Foi a crescente preocupação com o lançamento de dióxido de carbono na atmosfera que recolocou a alternativa nuclear em discussão. A geração de energia com a queima de derivados de petróleo ou carvão produz centenas de vezes mais dióxido de carbono por quilowatt-hora (kWh) do que a geração nuclear. Com relação a custos, estudos realizados pelo governo no ano passado indicaram que a tarifa de Angra 3 ficará em R$ 140 por megawatt-hora (MWh), preço competitivo se comparado com o da energia gerada por usinas térmicas que empregam outras fontes, como o gás natural.
A decisão do CNPE teve 9 votos a favor e apenas 1 contra, o do representante do Ministério do Meio Ambiente. A ministra do Meio Ambiente, Marina Silva, é contra a expansão da geração nuclear porque, segundo ela, o Brasil tem alternativas renováveis de energia e, no resto do mundo, não se registram investimentos em energia nuclear nos últimos 15 anos.
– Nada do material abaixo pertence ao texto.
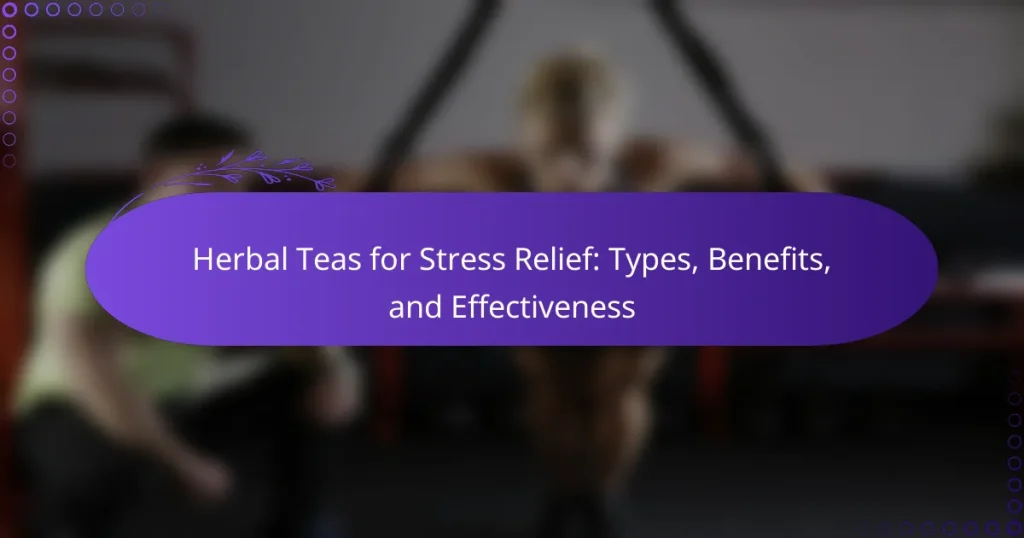 Herbal Teas for Stress Relief: Types, Benefits, and Effectiveness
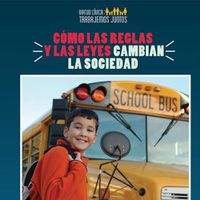 Cover image for Como Las Reglas Y Las Leyes Cambian La Sociedad (How Rules and Laws Change Society)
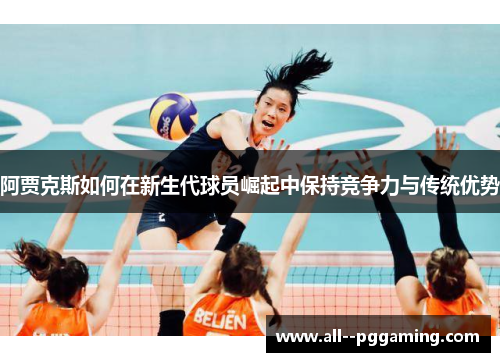 阿贾克斯如何在新生代球员崛起中保持竞争力与传统优势 阿贾克斯如何在新生代球员崛起中保持竞争力与传统优势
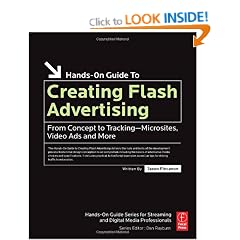 Creating Flash Advertising: From Concept to Tracking-Microsites, Video Ads and More (Hands-on Guide Series)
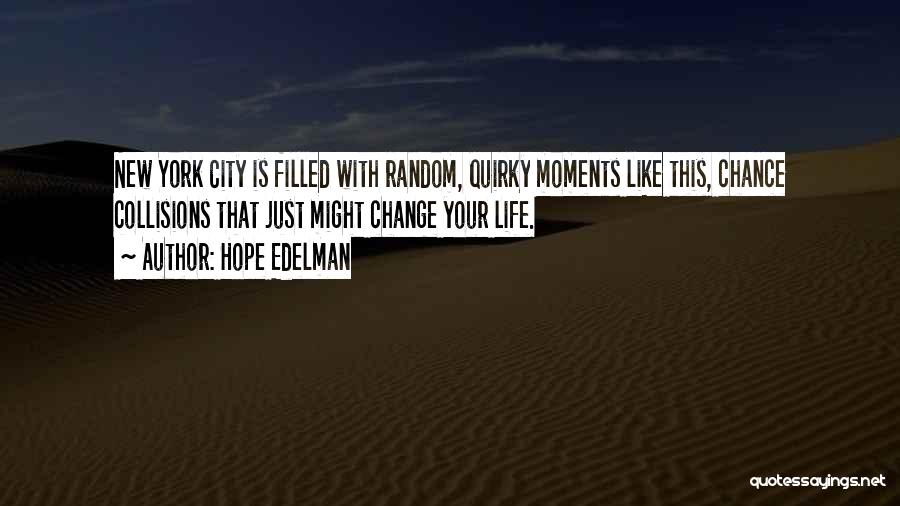 Moments That Change Your Life Quotes By Hope Edelman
De fato, o Brasil dispõe de alternativas de energia renovável, mas algumas das mais importantes delas ainda não podem ser utilizadas porque o Instituto Brasileiro do Meio Ambiente e dos Recursos Naturais Renováveis (Ibama), vinculado ao ministério do qual Marina Silva é titular, vem retardando a concessão das licenças para a execução das obras. O caso mais notório é o das usinas programadas para o Rio Madeira, cuja construção é considerada indispensável para afastar o risco de ocorrência de novo apagão nos próximos anos.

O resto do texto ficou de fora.